Essentially, NSSI began a one-week training institute for more than 500 teachers who wanted to become better online instructors, and paired them with mentor teachers who could demonstrate effective teaching strategies. Afterward, teachers and mentors put those skills into practice during a free summer program that ended up serving about 12,000 students, teaching them core English and math classes along with the arts.
Now NSSI, which is rebranding to Cadence Learning, is also transitioning its program into a full-fledged fall offering for interested districts, community groups and charter networks. (Applications are ongoing).

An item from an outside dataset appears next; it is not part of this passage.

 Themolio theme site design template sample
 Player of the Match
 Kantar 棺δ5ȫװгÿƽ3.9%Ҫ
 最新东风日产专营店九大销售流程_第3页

The program is free for districts and networks with under 5,000 students, and low-cost for larger ones, thanks to a $4 million fundraise from philanthropic groups such as the Walton Family Foundation and the Michael and Susan Dell Foundation. (The Michael and Susan Dell Foundation has also supported projects at EdSurge, including a series on school reopenings in which this story appears.)
Schools that partner with the new Cadence Learning will organize their schedules around the program, which can last up to four hours a day. In addition to academic subjects, including science and the arts, the program makes time for twice-weekly sessions between grade-level teachers and mentors. Cadence Learning also offers detailed lesson plans, student materials and will even help with schedules for districts that want them.
Given that the back-to-school season may look different from one school to the next, the Cadence Learning program is being designed with a certain amount of flexibility—to account for a variety of in-person, remote or even hybrid models, where students mostly learn online but come to campus a few days a week.
“One of our objectives was to build something that could be modified and expanded from summer to fall in a way that met schools and districts, where they were in each of the different scenarios,” Cerf said.
Along with the focus on mentorship, the program emphasizes live instruction as a best practice. Mentor teachers record video lessons with students to model learning and class discussion techniques, such as asking students to complete exercises over video calls in real time, just as they would in a classroom. Part of the pedagogy also involves using student responses as showcases for the rest of the class—for example showing how two students independently came to a correct answer using different approaches.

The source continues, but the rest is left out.